Up in the Air estrou no dia 5 de setembro no desconhecido Festival de Cinema de Telluride. Depois, o filme passou ainda por outros 10 festivais, incluindo os de Toronto, Roma, Londres e Estocolmo. Até o momento, apenas nos Estados Unidos, o filme conseguiu arrecadar pouco mais de US$ 44,3 milhões nas bilheterias. Conseguiu, com isso, se pagar – Up in the Air teria custado US$ 30 milhões. Se continuar embolsando prêmios, especialmente no Globo de Ouro e no Oscar, certamente terá sua bilheteria catapultada para as alturas.

Não deixa de ser curiosa a “ligação” que o público pode fazer entre o personagem de Ryan Bingham e seu intérprete, o ator George Clooney. Todos conhecem a “lenda” que circula sobre o intérprete, considerado um “bon vivant”, um homem que prefere trocar de namoradas e ter uma vida livre do que se casar e ter filhos. Esta ironia dá um “temperinho” a mais para o filme, sem dúvida.

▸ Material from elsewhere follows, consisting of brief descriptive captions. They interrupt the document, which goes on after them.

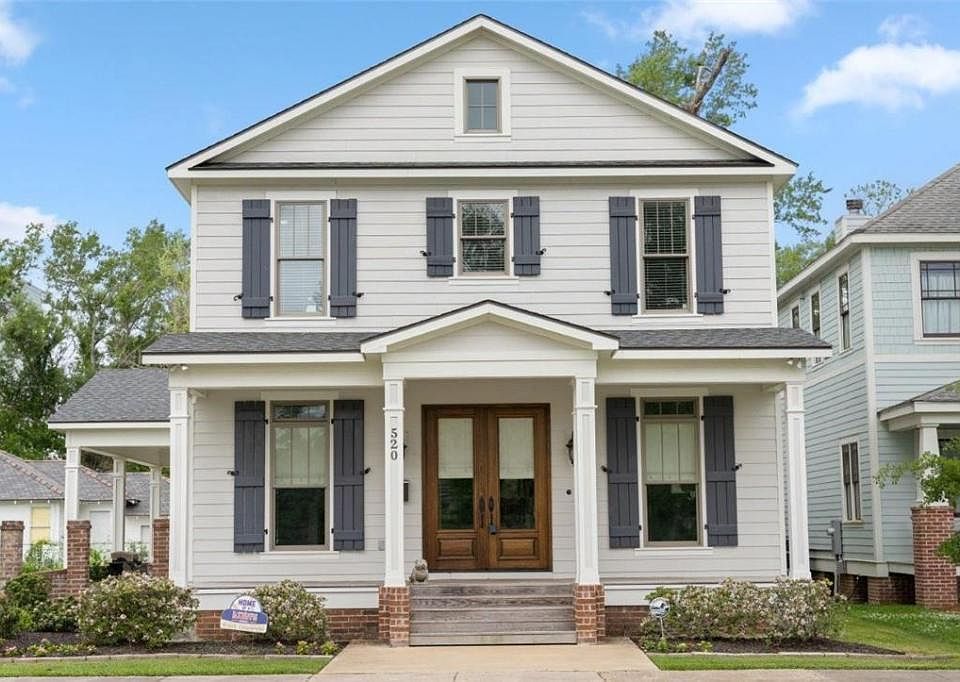 1st image of 520 Hodges St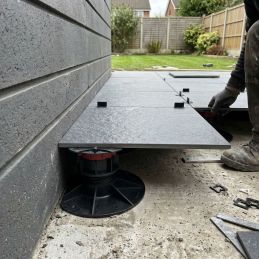 Demi plot de terrasse dalle 58 à 373 mm - Avec cale amortisseur - Autonivelant - Réglable par dessus - Solidor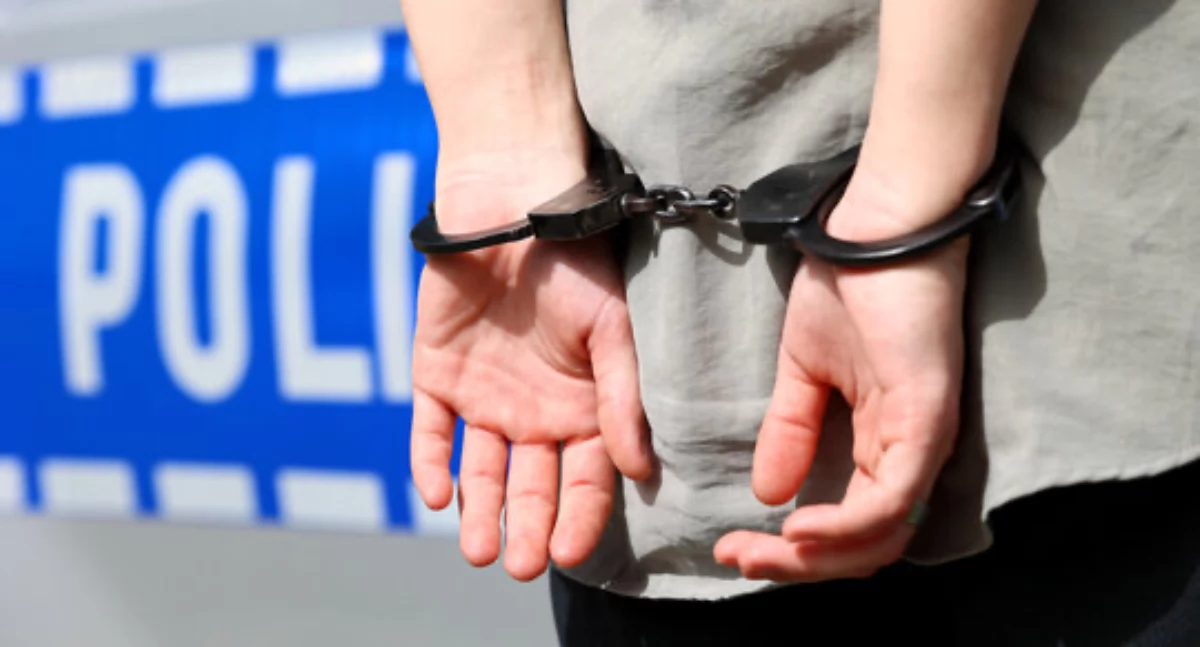 Komunikat policji, Demolka sklepu Zalesiu irracjonalny wybryk latka może skończyć latami więzienia - zdjęcie, fotografia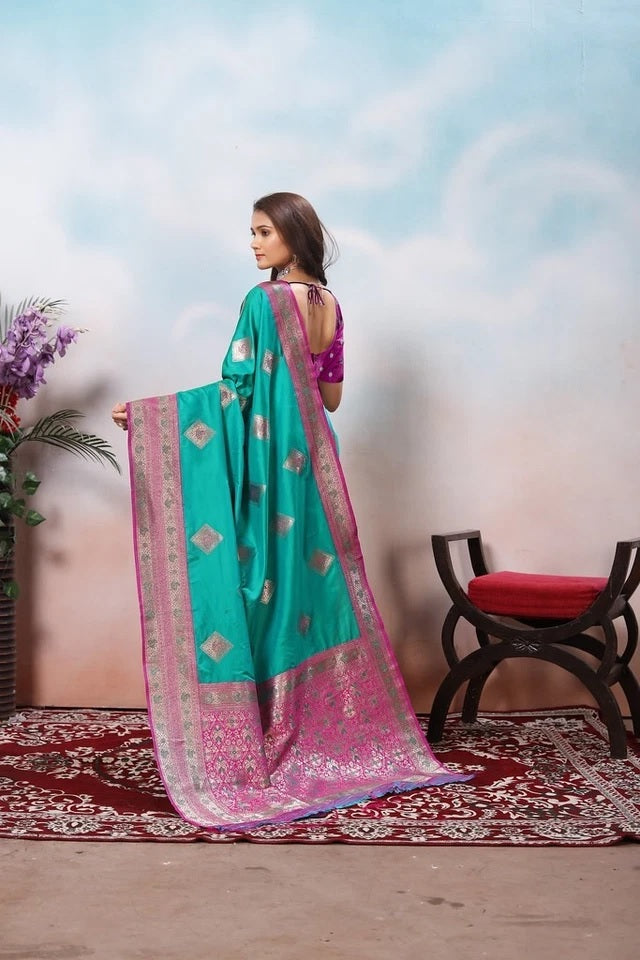 Traditional Soft Silk Jacquard Border Contras Sari With Blouse 11-VF image 10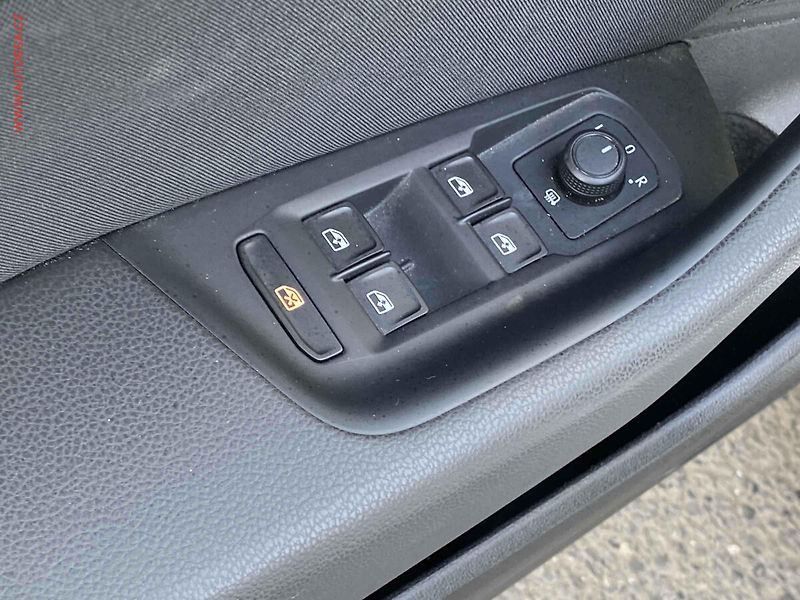 Volkswagen Passat (2016) 2.0TDi, Comfortline, DSG, LED - fotka 11 z 19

Também merece um comentário o uso de cartões no filme. Ryan e Alex tem uma verdadeira coleção deles – e, como duas crianças, até brincam de compará-los, “medindo” suas capacidades de colecionistas. Além disso, Ryan tem como objetivo de vida conseguir um tipo de cartão prateado que poucas pessoas já conseguiram: aquele que é dado para quem atinge a inacreditável marca de 10 milhões de milhas percorridas pela American Airlines.

(SPOILER – não leia se você não assistiu ao filme). A grande ironia do filme é que Ryan consegue o seu “objetivo supremo” logo depois de ter passado pela maior decepção de sua vida (ou pelo menos de sua história recente). Como no caso de tantos sonhos “equivocados” que as pessoas alimentam por muito tempo – todos geralmente envolvendo ganhar ou gastar dinheiro -, Ryan simplesmente não sabe como reagir quando chega o “grande momento”. O que fazer depois de ter conseguido realizar o seu “grande sonho”? Ryan descobre que a única saída que lhe resta é continuar fazendo o mesmo – ainda que, na realidade, sempre é possível escolher uma outra direção. Mas ele, anulado por si mesmo, não vê outra saída. Up in the Air tem um final um pouco triste, um pouco cínico, ainda que termine falando de estrelas e inspiração.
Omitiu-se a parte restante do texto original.